» **Task brief**
Line by line, output the material without altering anything.

» **Supplied material**
+++

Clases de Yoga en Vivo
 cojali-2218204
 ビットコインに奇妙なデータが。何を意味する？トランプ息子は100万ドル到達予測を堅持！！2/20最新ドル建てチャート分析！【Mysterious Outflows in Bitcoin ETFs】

+++

» **Solution to this task**
Clases de Yoga en Vivo
 cojali-2218204
 ビットコインに奇妙なデータが。何を意味する？トランプ息子は100万ドル到達予測を堅持！！2/20最新ドル建てチャート分析！【Mysterious Outflows in Bitcoin ETFs】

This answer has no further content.